### WHAT YOU NEED TO DO
Any picture among the records should be left out, please; retype the rest exactly.

### RECORDS SHOWN
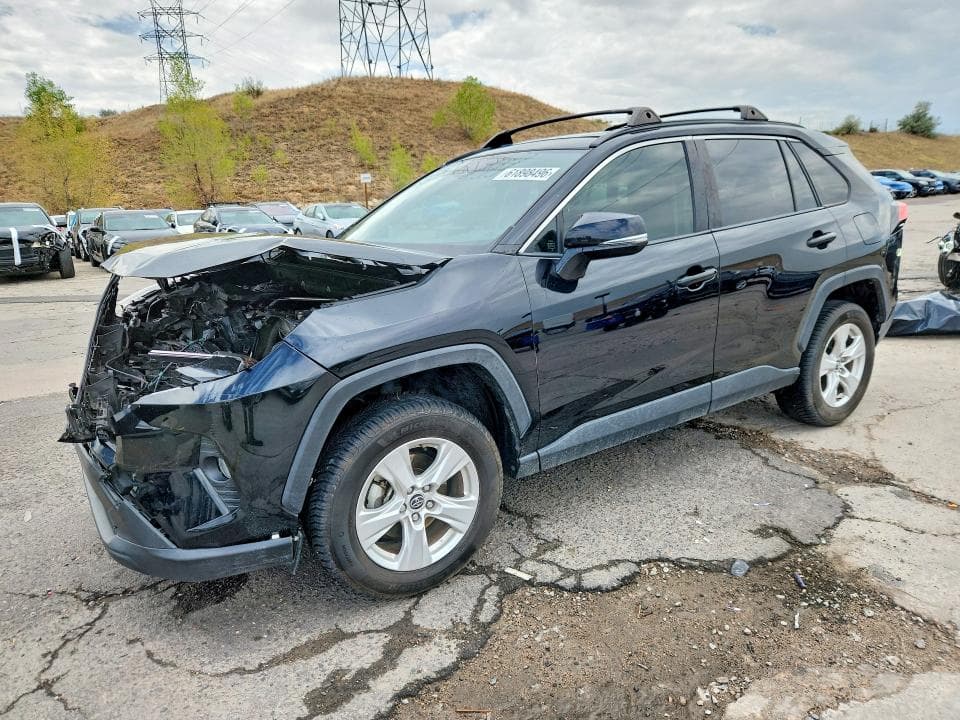 2019 TOYOTA RAV4 XLE - 1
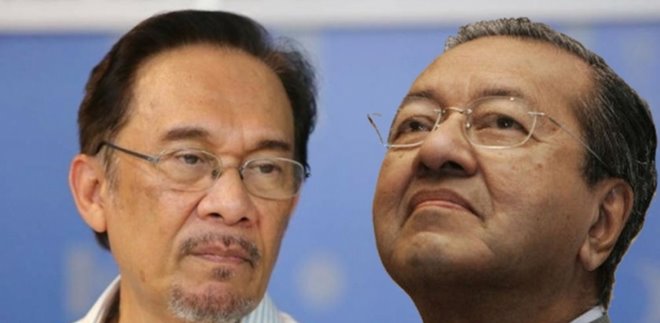 anwar-ibrahim3-270613_620_412_100_700_465_c1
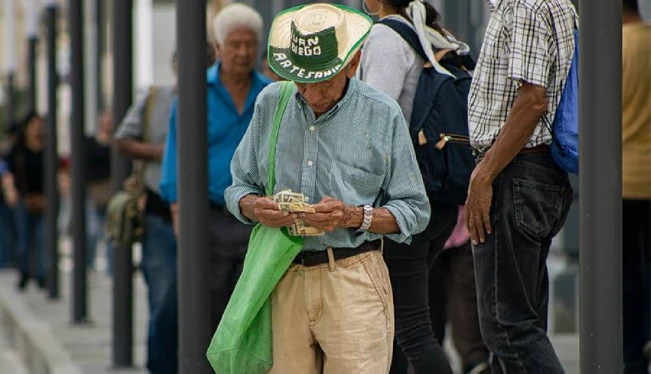 El Salvador en deflación: ¿qué significa para la economía?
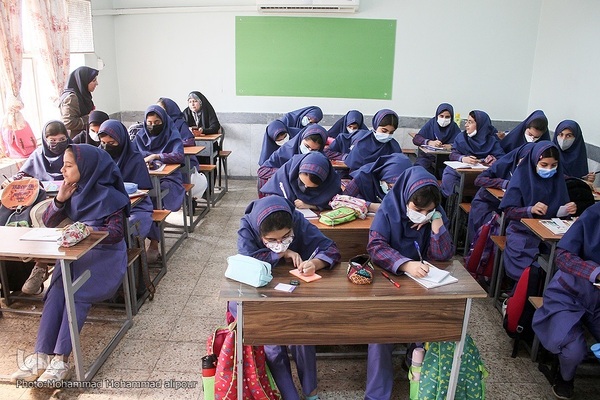 روزی به نام آینده‌سازان ایران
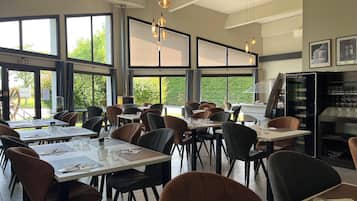 Aperto a colazione e pranzo, cucina francese, con vista sul giardino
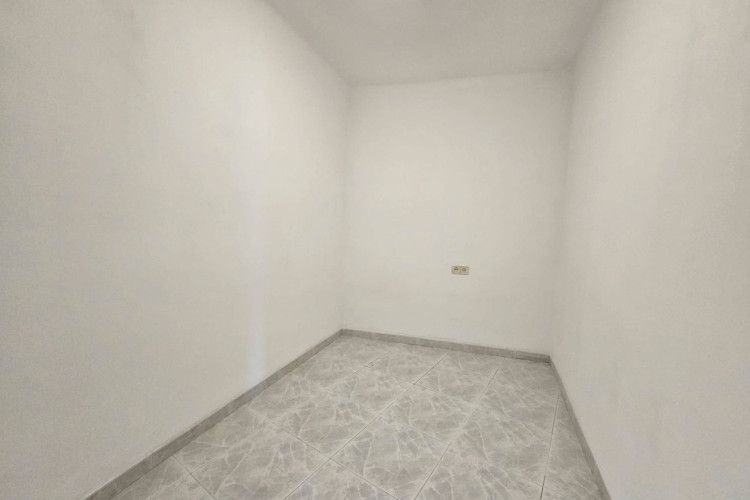 Carrer de Nu00FAria, La Maurina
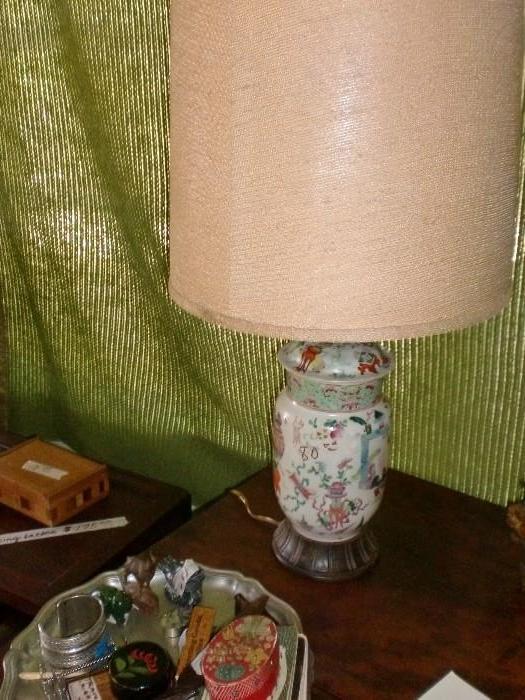 CHINESE PORCELAIN LAMP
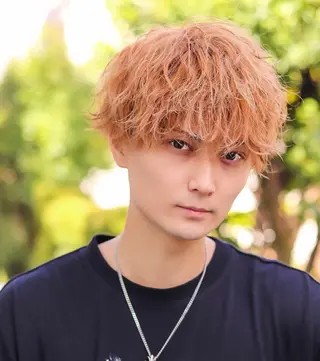 ショート カラー パーマ メンズ 🔥メンズ🔥かっこ いいが正義！代表柿崎のヘアスタイル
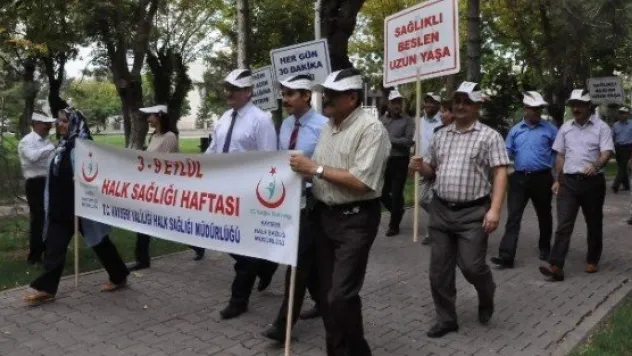 Halk Sağlığı Haftası Yürüyüşle Kutlandı 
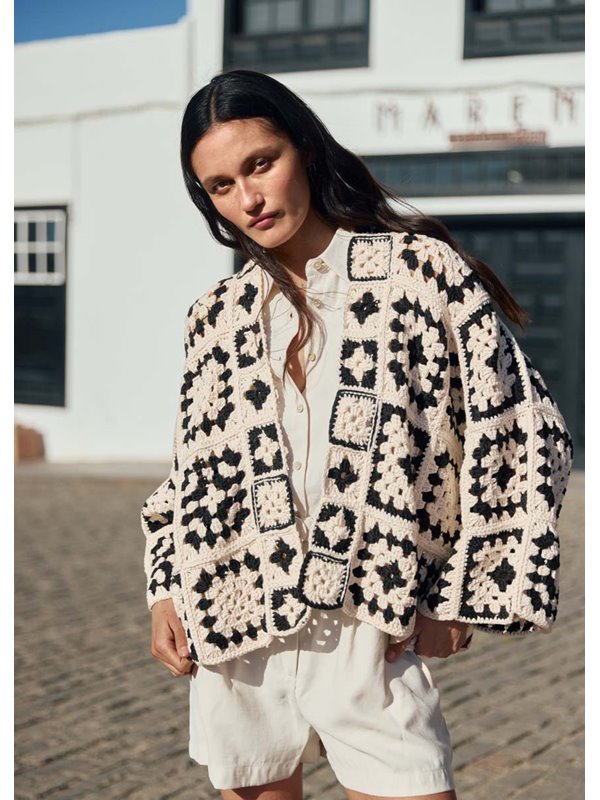 JACKE IN QUADRATISCHEN MOTIVEN Campo von Lana Grossa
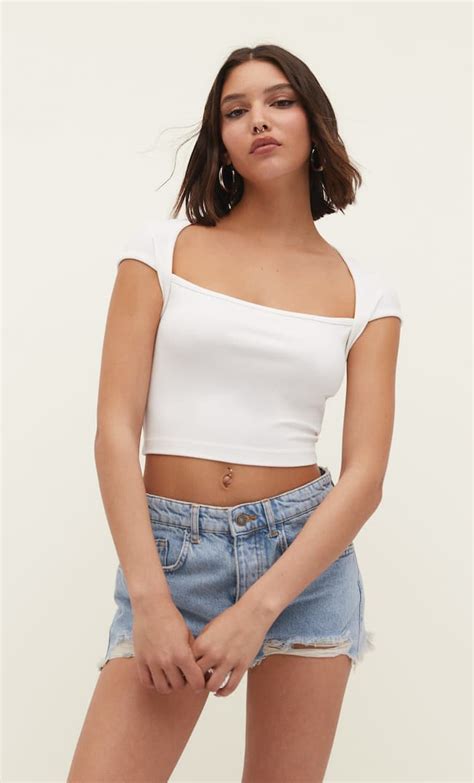 Hot Girl Trung Qu C Di N O L Ng Qu N Ng N Check In B N Si U Xe Lamborghini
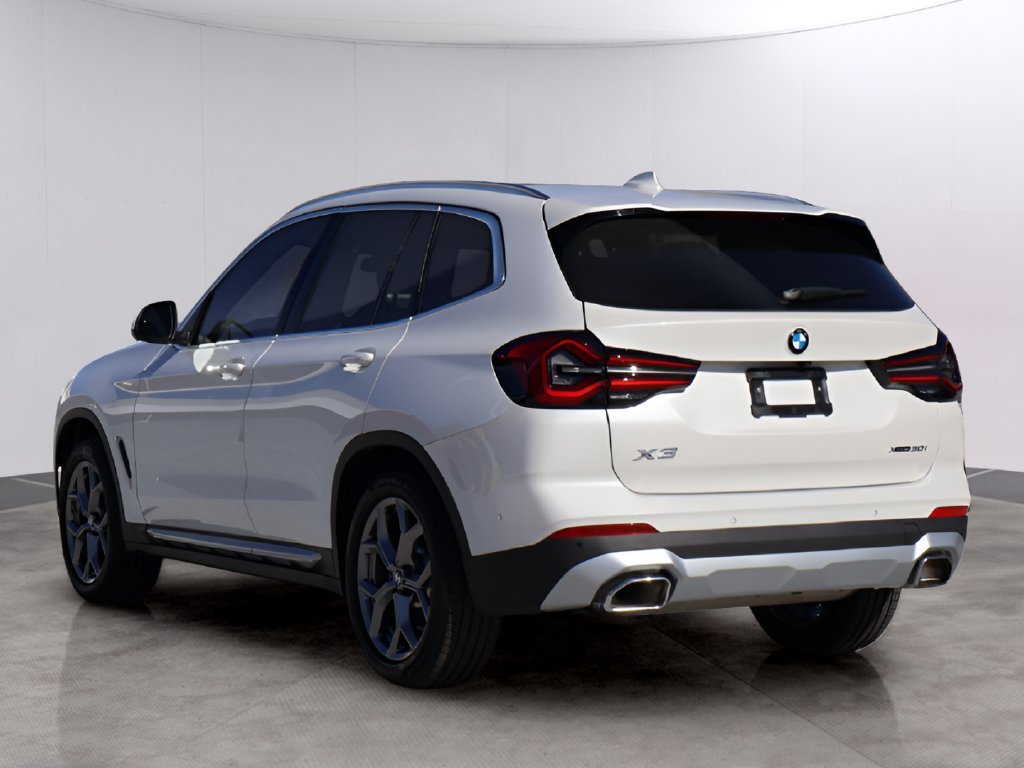 Used 2024 Mineral White Metallic BMW xDrive30i image 5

### ANSWER BELOW
 2019 TOYOTA RAV4 XLE - 1
 anwar-ibrahim3-270613_620_412_100_700_465_c1
 El Salvador en deflación: ¿qué significa para la economía?
 روزی به نام آینده‌سازان ایران
 Aperto a colazione e pranzo, cucina francese, con vista sul giardino
 Carrer de Nu00FAria, La Maurina
 CHINESE PORCELAIN LAMP
 ショート カラー パーマ メンズ 🔥メンズ🔥かっこ いいが正義！代表柿崎のヘアスタイル
 Halk Sağlığı Haftası Yürüyüşle Kutlandı 
 JACKE IN QUADRATISCHEN MOTIVEN Campo von Lana Grossa
 Hot Girl Trung Qu C Di N O L Ng Qu N Ng N Check In B N Si U Xe Lamborghini
 Used 2024 Mineral White Metallic BMW xDrive30i image 5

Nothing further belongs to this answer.